- [Given data]
┌────────
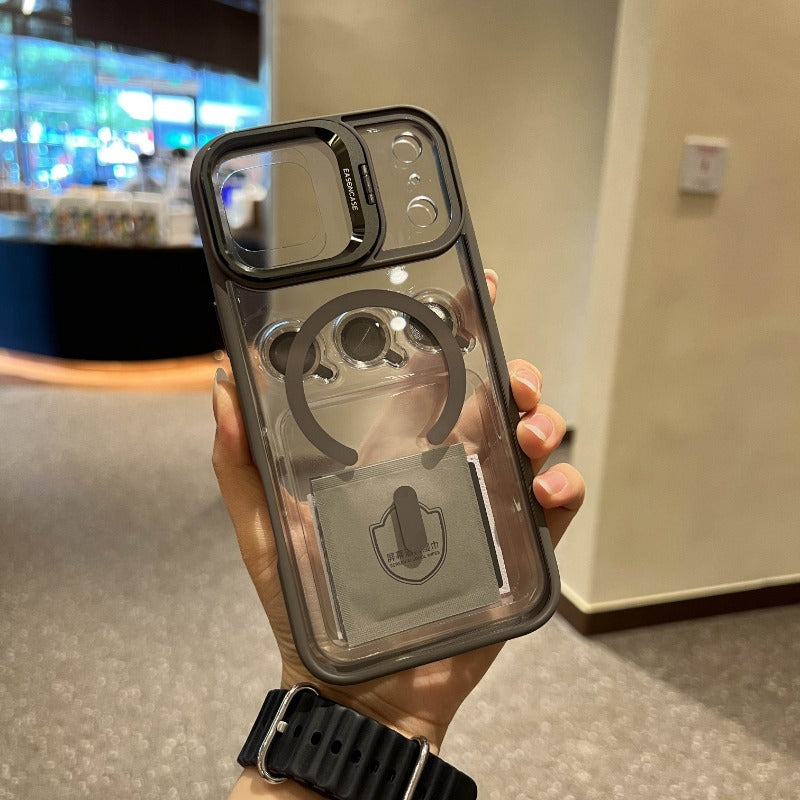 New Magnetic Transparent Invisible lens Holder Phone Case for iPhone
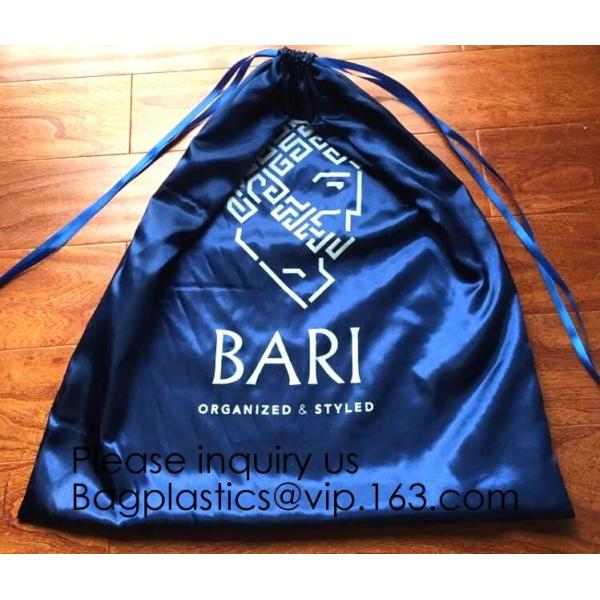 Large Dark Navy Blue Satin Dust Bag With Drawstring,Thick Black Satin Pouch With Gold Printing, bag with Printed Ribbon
└────────
┌────────
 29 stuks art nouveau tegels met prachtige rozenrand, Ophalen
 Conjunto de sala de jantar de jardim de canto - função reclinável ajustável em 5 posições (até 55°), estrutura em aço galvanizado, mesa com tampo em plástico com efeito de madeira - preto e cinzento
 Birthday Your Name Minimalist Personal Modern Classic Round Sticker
└────────
┌────────
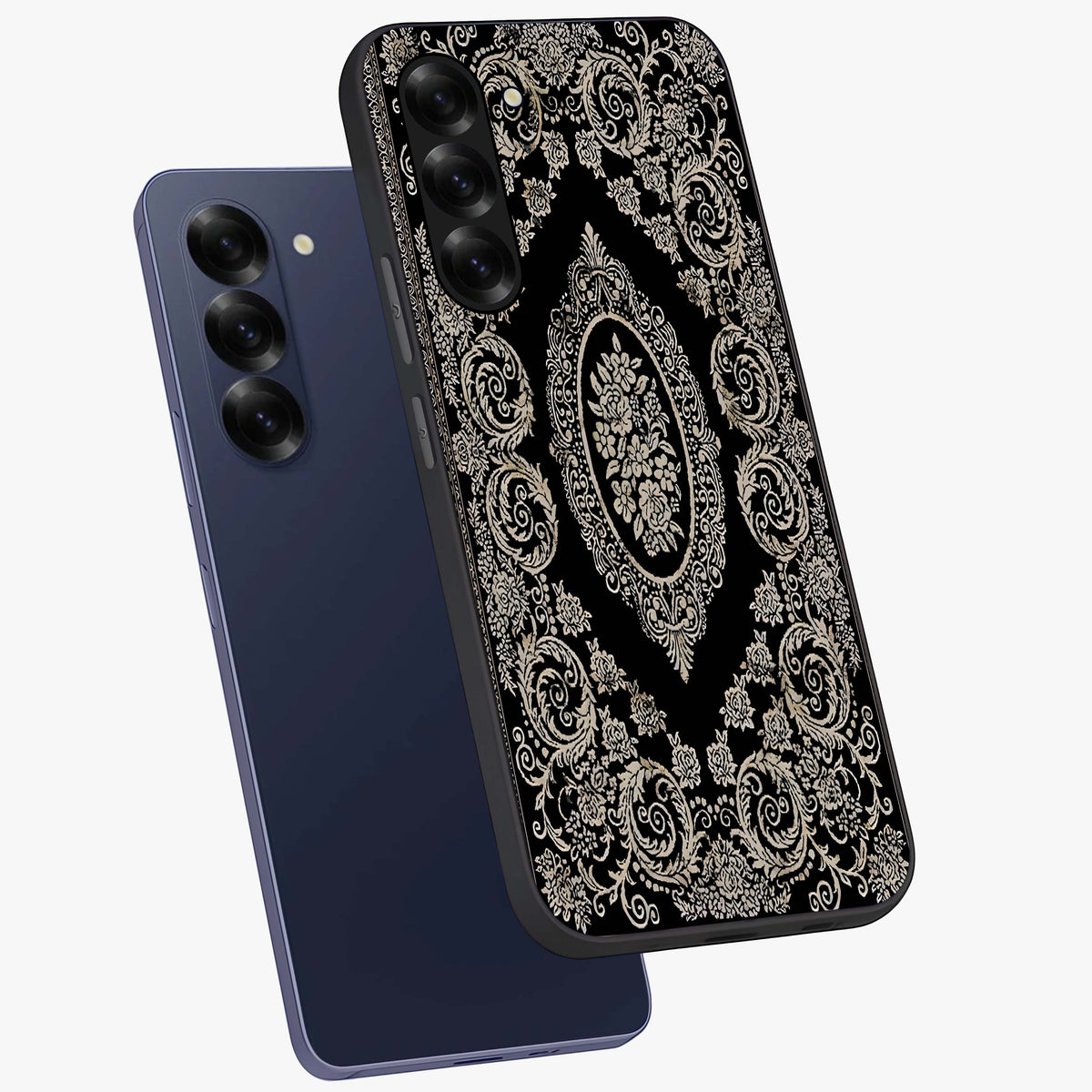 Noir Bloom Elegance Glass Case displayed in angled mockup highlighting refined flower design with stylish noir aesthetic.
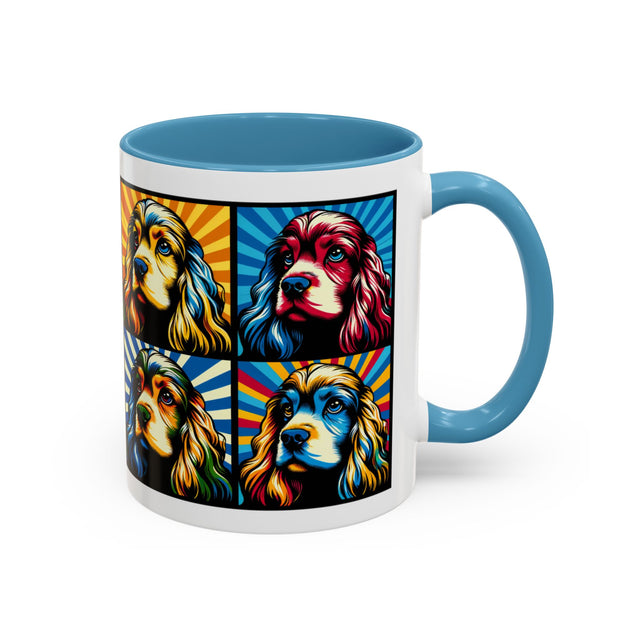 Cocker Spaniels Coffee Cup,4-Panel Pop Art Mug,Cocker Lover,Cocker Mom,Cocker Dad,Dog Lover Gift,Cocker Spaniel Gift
└────────
- [What to produce] Repeat, word for word, the lines above between the line holding "Conjunto de sala" and the line holding "Birthday Your Name", inclusive; omit everything else.

- [Result]
 Conjunto de sala de jantar de jardim de canto - função reclinável ajustável em 5 posições (até 55°), estrutura em aço galvanizado, mesa com tampo em plástico com efeito de madeira - preto e cinzento
 Birthday Your Name Minimalist Personal Modern Classic Round Sticker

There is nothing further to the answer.